ChatENV presents an interactive vision–language framework that fuses satellite image pairs with real-world environmental sensor data to enable grounded, scenario-based environmental reasoning. By building a large sensor-aware temporal satellite dataset and employing a dual-model annotation pipeline (GPT-4o and Gemini 2.0), the authors fine-tune a Qwen-2.5-VL backbone with LoRA adapters to support single-turn descriptions, what-if analyses, and three-turn difference queries. The approach achieves strong temporal and interactive reasoning performance, outperforming several baselines and demonstrating the value of sensor data in explaining environmental changes. This work advances practical environmental monitoring by providing a grounded, sensor-aware, interactive tool with potential for real-time deployment and expanded multimodal fusion.

Abstract

Understanding environmental changes from remote sensing imagery is vital for climate resilience, urban planning, and ecosystem monitoring. Yet, current vision language models (VLMs) overlook causal signals from environmental sensors, rely on single-source captions prone to stylistic bias, and lack interactive scenario-based reasoning. We present ChatENV, the first interactive VLM that jointly reasons over satellite image pairs and real-world sensor data. Our framework: (i) creates a 177k-image dataset forming 152k temporal pairs across 62 land-use classes in 197 countries with rich sensor metadata (e.g., temperature, PM10, CO); (ii) annotates data using GPT4o and Gemini 2.0 for stylistic and semantic diversity; and (iii) fine-tunes Qwen-2.5-VL using efficient Low-Rank Adaptation (LoRA) adapters for chat purposes. ChatENV achieves strong performance in temporal and "what-if" reasoning (e.g., BERTF1 0.902) and rivals or outperforms state-of-the-art temporal models, while supporting interactive scenario-based analysis. This positions ChatENV as a powerful tool for grounded, sensor-aware environmental monitoring.

Paper Structure

This paper contains 12 sections, 5 figures, 11 tables.

Figures (5)

  • Figure 1: Pipeline overview for ChatENV. Aerial RGB tiles and sensor-tagged prompts (e.g., temperature, humidity, CO2) are encoded via frozen Qwen 2.5 ViT and text encoders, respectively. Their embeddings are projected into a shared space to condition a Qwen 2.5 decoder, with only LoRA adapters and an optional linear probe trained.
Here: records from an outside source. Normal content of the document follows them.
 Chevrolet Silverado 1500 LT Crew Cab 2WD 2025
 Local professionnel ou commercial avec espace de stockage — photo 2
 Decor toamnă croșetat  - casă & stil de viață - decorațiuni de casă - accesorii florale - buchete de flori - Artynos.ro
Token-level cross-entropy on enriched captions trains the model to (i) describe scenes, (ii) reason over current environmental data, and (iii) answer “what-if” queries.
  • Figure 2: Visual overview of the preprocessing pipeline for environmental change analysis. The process starts with satellite imagery sourcing (Data Source), followed by temporal pairing (Image Pairing), integration of Weather Data, enrichment with emissions (Emission Data), and annotation via GPT-4o and Gemini 2.0 (Annotation Generation).
  • Figure 3: Total distribution of samples by score through manual evaluation of the testing set. For each sample, a rating of 1-5 was given over three criteria. Samples with a total score over 9 points were kept as the testing set.
  • Figure 4: Treemap visualization showing the distribution of satellite image counts by country and category. Larger rectangles indicate more frequent object classes in the dataset, such as swimming pools, stadiums, and roads. The spatial diversity across countries, like the prevalence of crop fields in France and Italy, or urban structures in the United States and the Russian Federation, highlights the broad geographic and semantic coverage, which is critical for robust change analysis.
  • Figure 5: The figure illustrates a what-if interaction with ChatENV. Given the initial image and environmental metadata, the user poses a scenario question: “What will happen if construction is done, and many buildings are built over this patch of land?”The model generates a detailed answer that closely matches the second (ground-truth) image’s description, such as increased PM10 due to dust and traffic, decreased $NO_2$ following construction, altered wind patterns, and heat retention from concrete.